I'm your future mom. That is so weird to even type. MOM. When I think of mom, I only think of my mom. SHE'S a mom. I'm just ...i dunno....not. So that's weird right? you are gonna be the first run at me trying to crack this mommy thing. Sorry. Ahead of time. Yeah, let me get my sorry's out the way. Sorry for the time, I let you cry more than you want to, for under/over feeding you (at any age) sorry for dressing you in clothes you might later hate, sorry for the first time I say, "it's for your own good", and for everytime after that, sorry for making you eat food you hate because it's good for you, sorry for not understanding you when you are a moody teenager, sorry for the time you are at a school dance and I bust out in the funky chicken and you die of embarrassment...I of course will think it's HILARIOUS!
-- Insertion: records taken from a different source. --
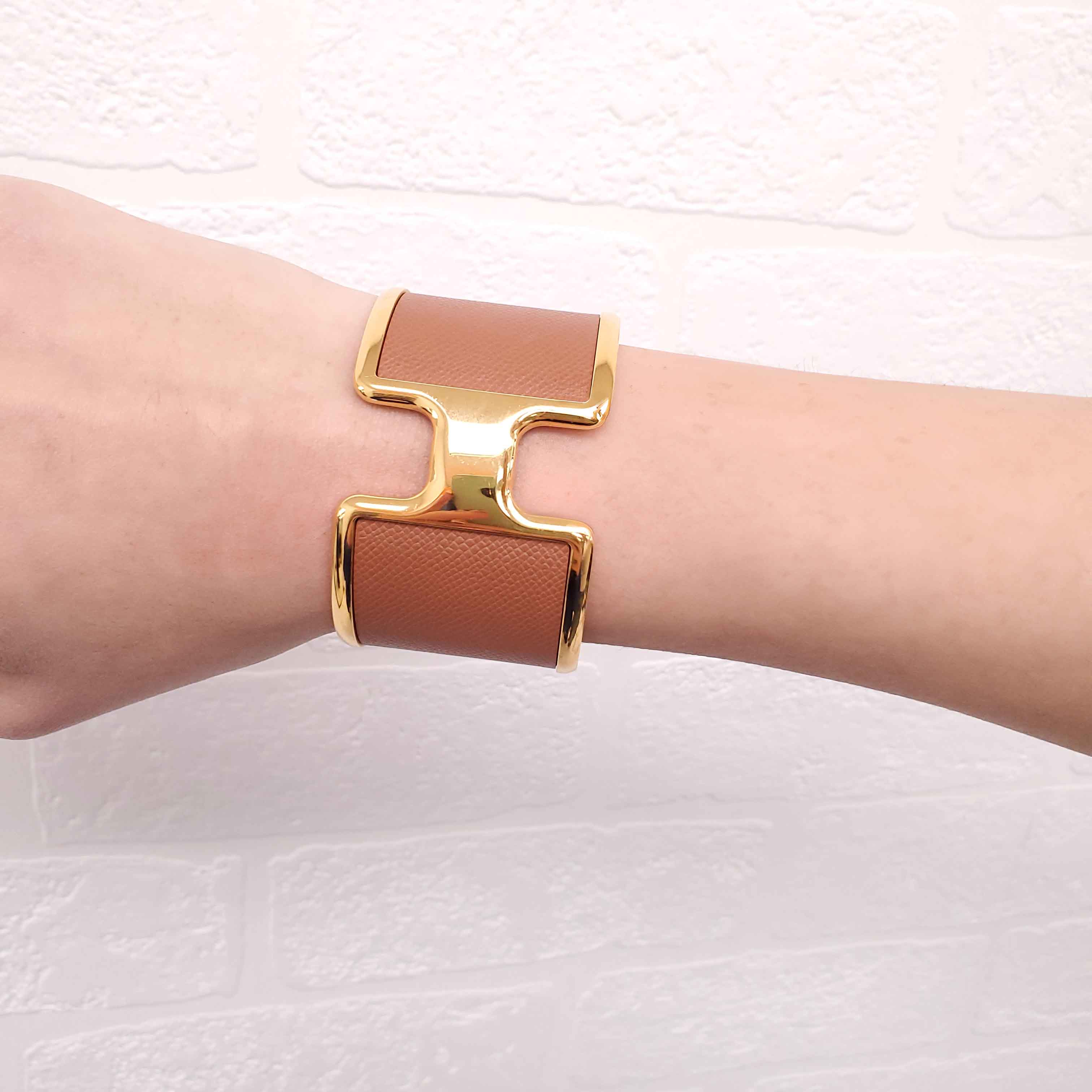 HERMÈS LEATHER 'OLYMPE' CUFF BRACELET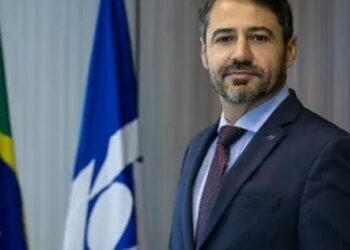 CGU demite ex-chefe da Receita que atuou no caso de joias sauditas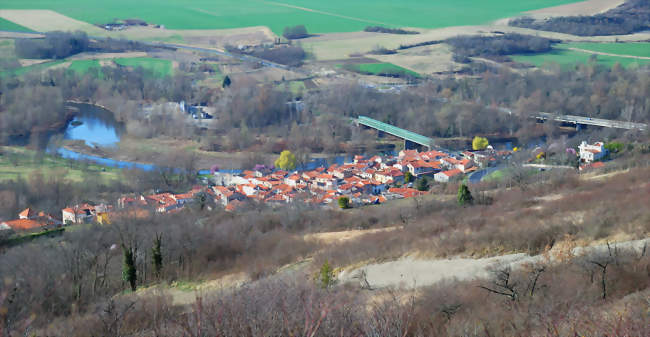 Vue de la commune de Dallet - Dallet (63111) - Puy-de-Dôme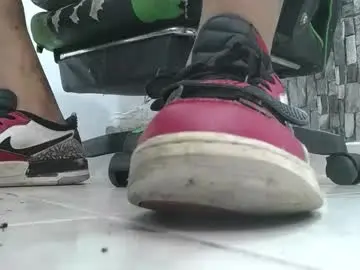 Chaturbate Live Sex Cam of srfindomfeet_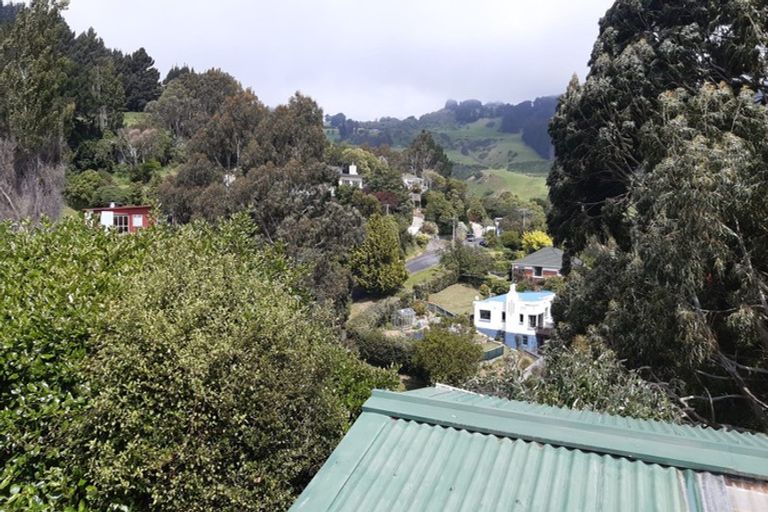 Photo of property in 26 Porterfield Street, Macandrew Bay, Dunedin, 9014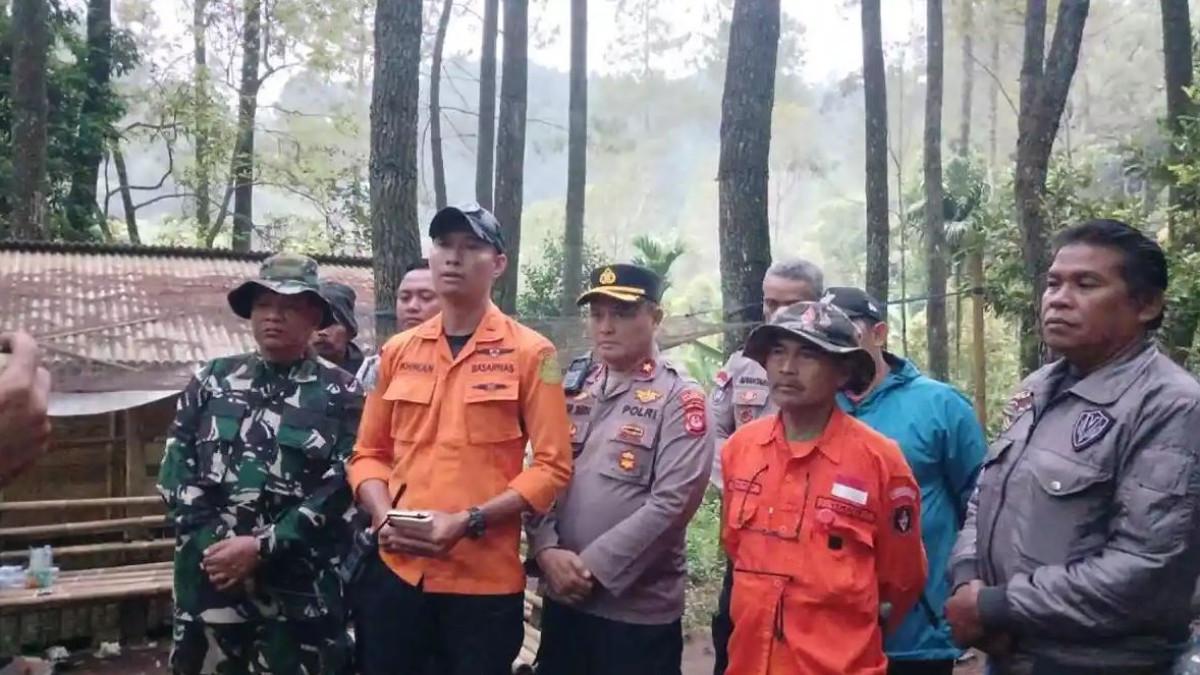 Ikhwan, Komandan Tim SAR Gabungan. Pihak ITB terjun langsung ke Gunung Puntang untuk mendampingi keluarga Arief Wibisono. Dekan FTSL menegaskan fokus utama saat ini adalah mendukung penuh proses pencarian.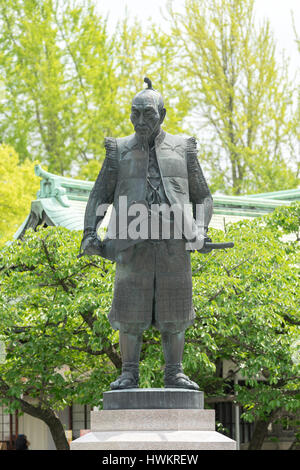 OSAKA, JAPAN CIRCA APRIL 2016: Statue von Toyotomi Hideyoshi, einmal eine allgemeine Kriegsherrn Japans Hokoku Schrein. Stockfoto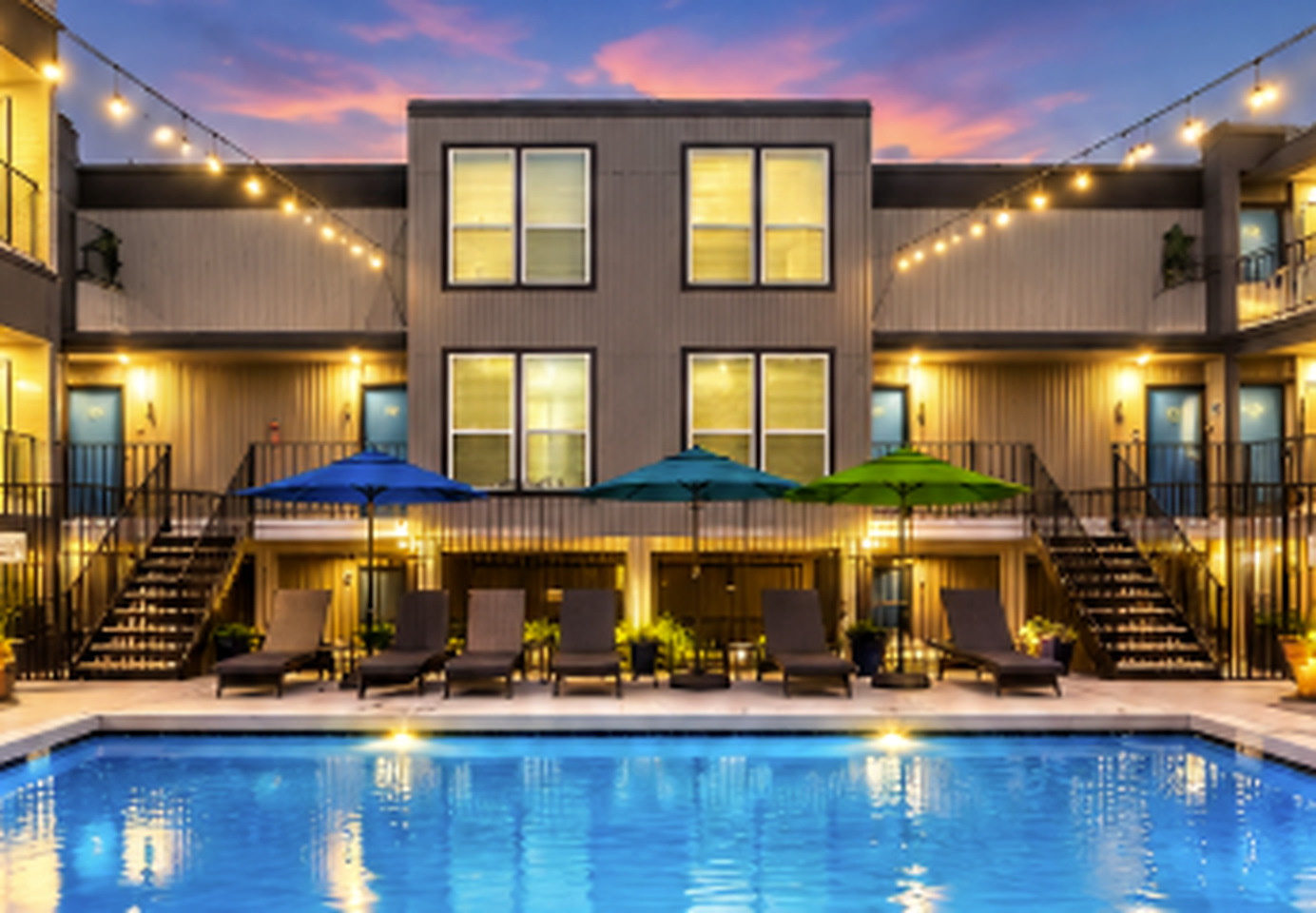 Bright and Charming 1 bedroom -Private Garage Parking! - Photo 1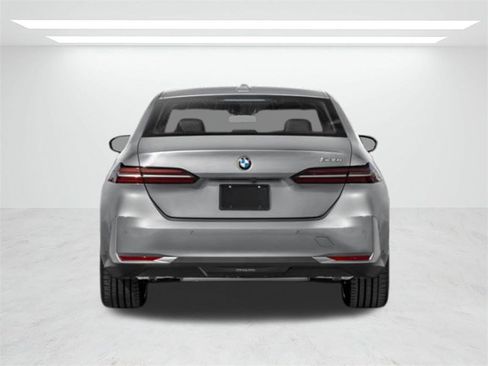 New 2026 BMW 530i w/ M Sport Package image 3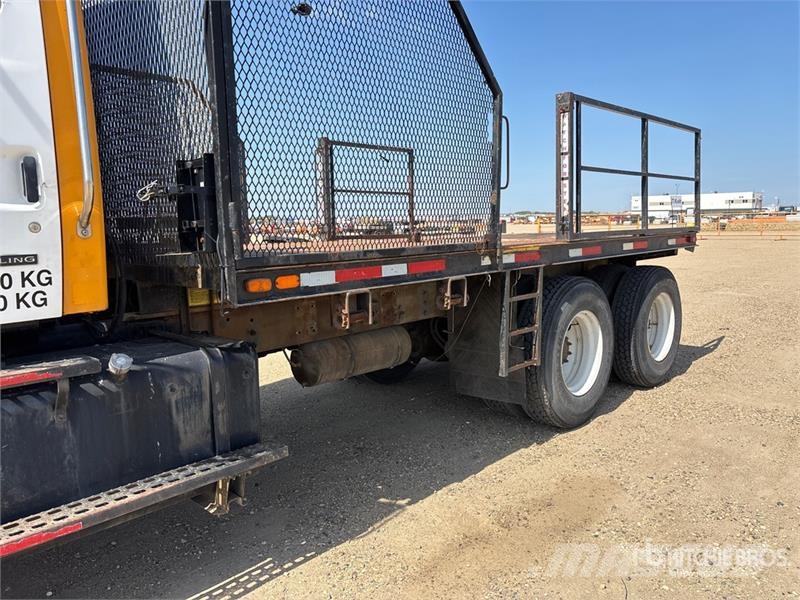 Sterling LT7500 شاحنات مسطحة/مفصلية الجوانب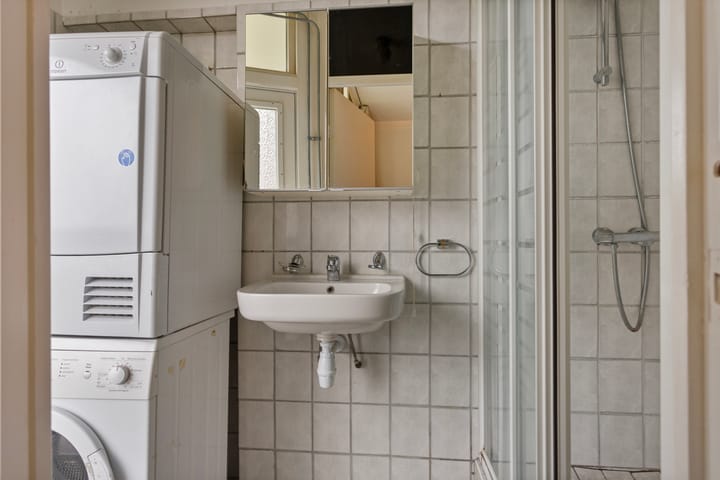 Foto 16 van Lekstraat 227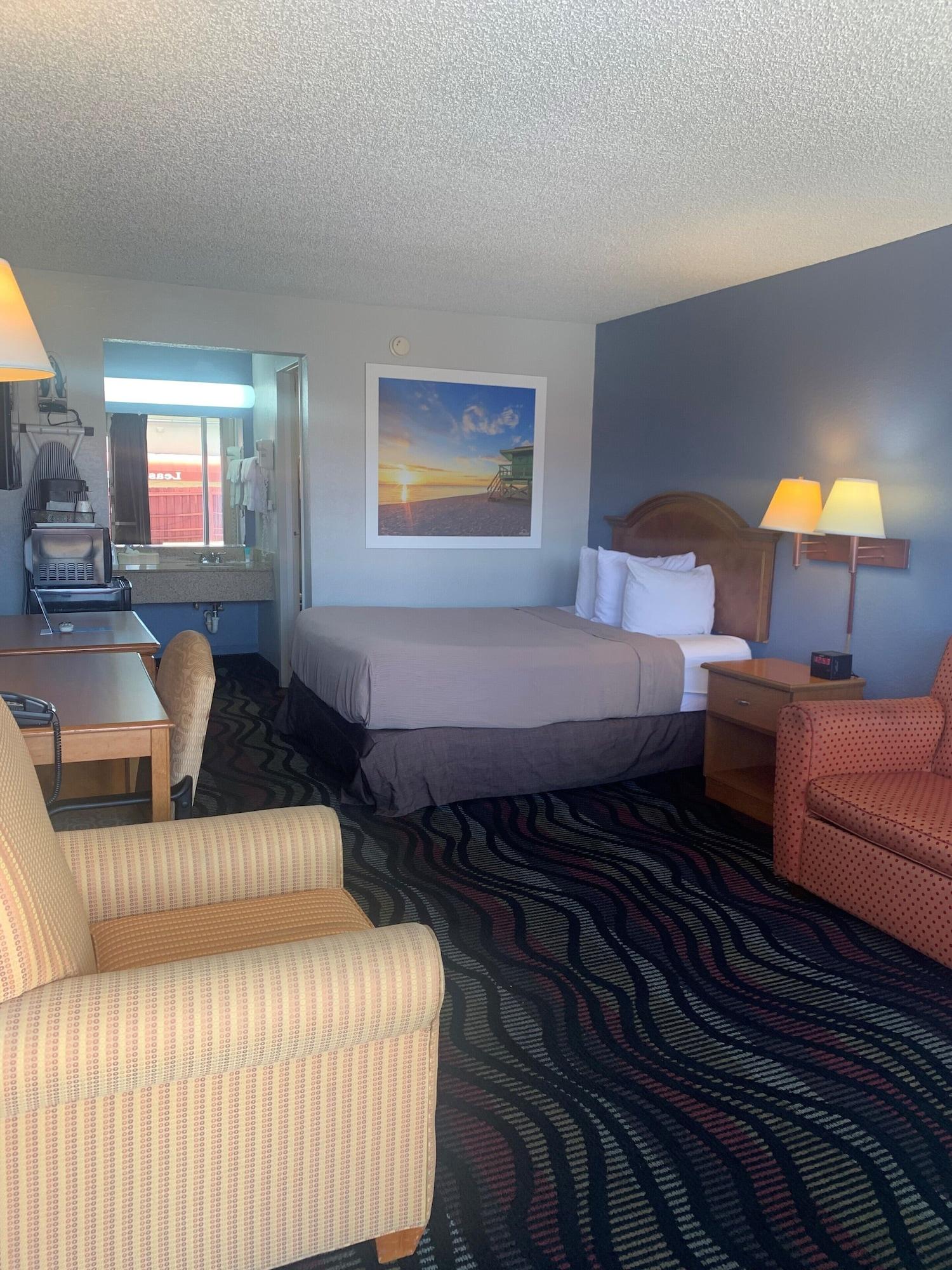 Days Inn By Wyndham Fort Myers Dış mekan fotoğraf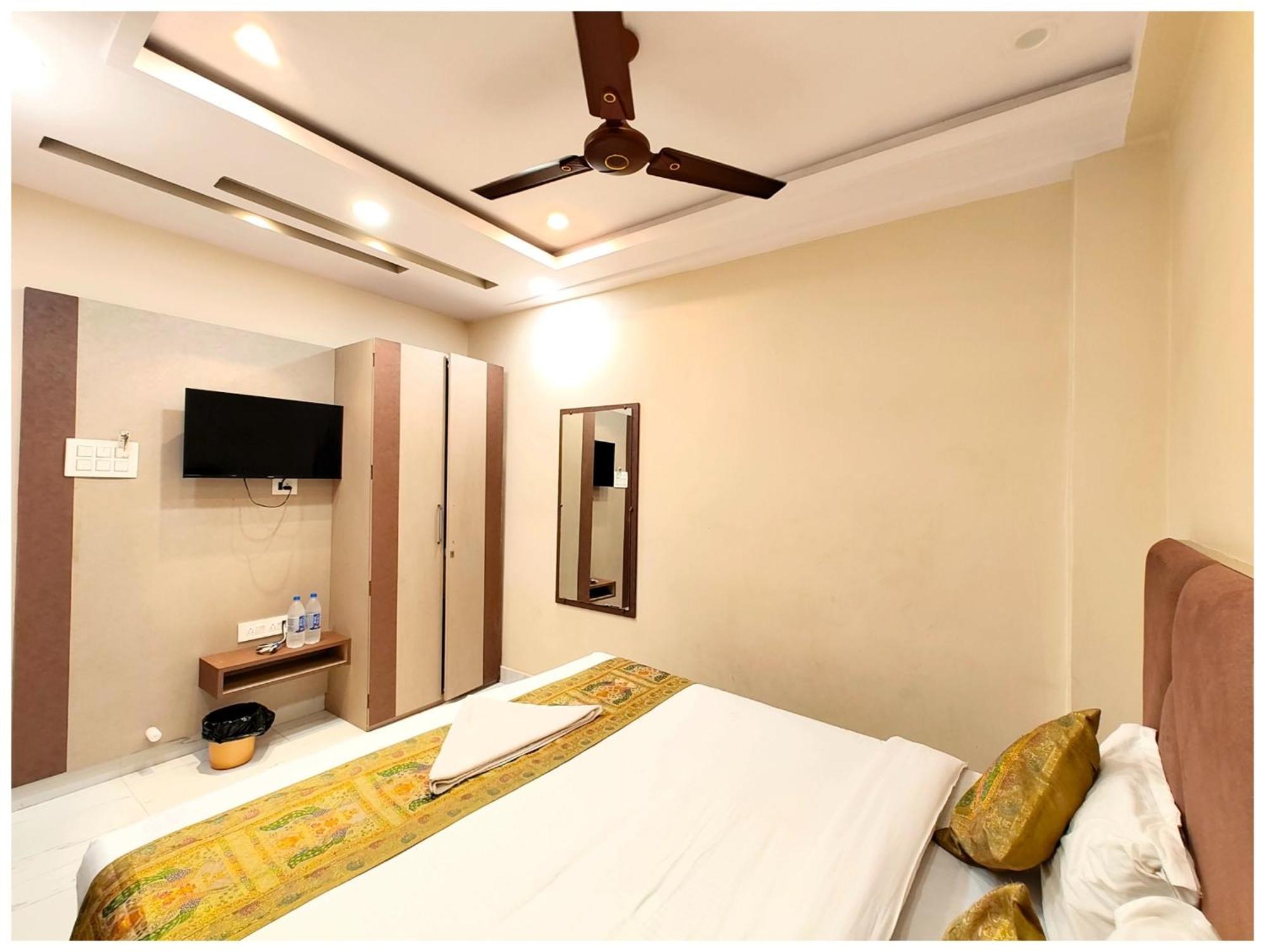 Hotel Premium B N K Grand - Fully Air Conditioned With Lift And Wifi Facility 4*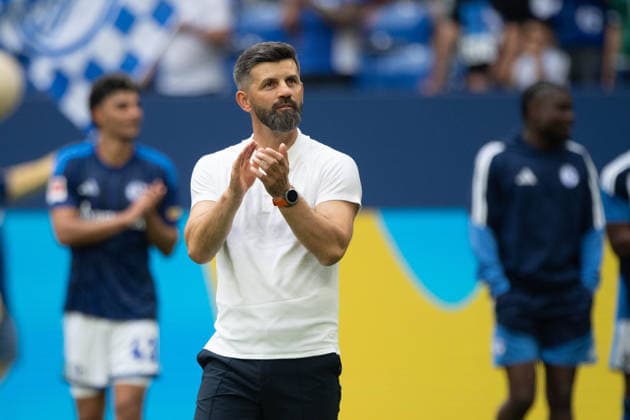 Coach Miron MUSLIC GE takes a lap of honor; FC Schalke 04 vs. Real Madrid 0–3 friendly soccer match on August 16, 2026, at the Veltins Arena in Gelsenkirchen, Germany. DFL regulations prohibit any use of photographs as image sequences and or quasi-video. Â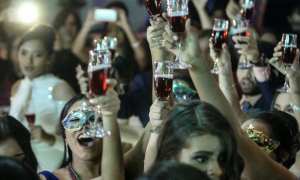 У бельгійському місті влада вже понад рік купує випивку людям, що ходять у нічні клуби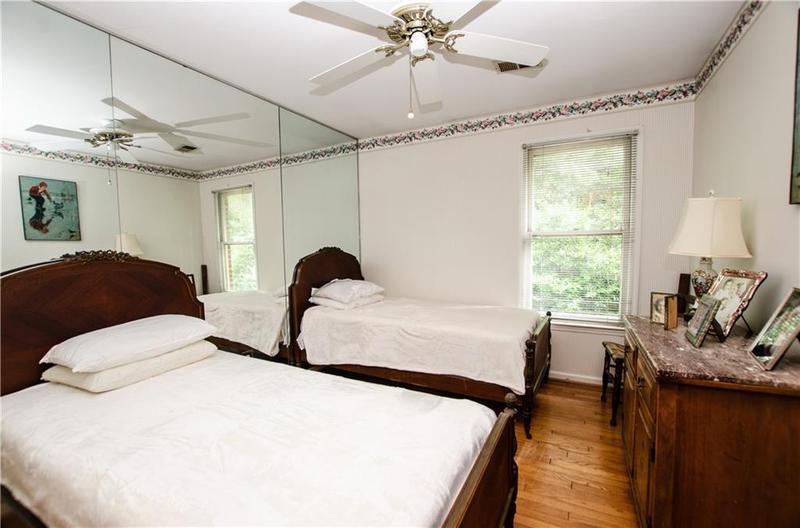 Image for property 3081 Howell Mill Road 3, Atlanta, GA 30327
Anyway, this time is going by so SLOW...I just want to meet you already! I seriously can't wait. another three months seems like forever! I mean, take your time, stay in there for as long as you are supposed to, but, in all honesty, I can't wait!!!
so, this is what you have done to your moms cute figure...
I mean...not cool baby. not cool. And I know you have to grow...blah blah blah...but if you have any control over how big my boobs get...I think it's safe to say we can lay off now. ok? All set on the boob front. Thanks! you're a peach.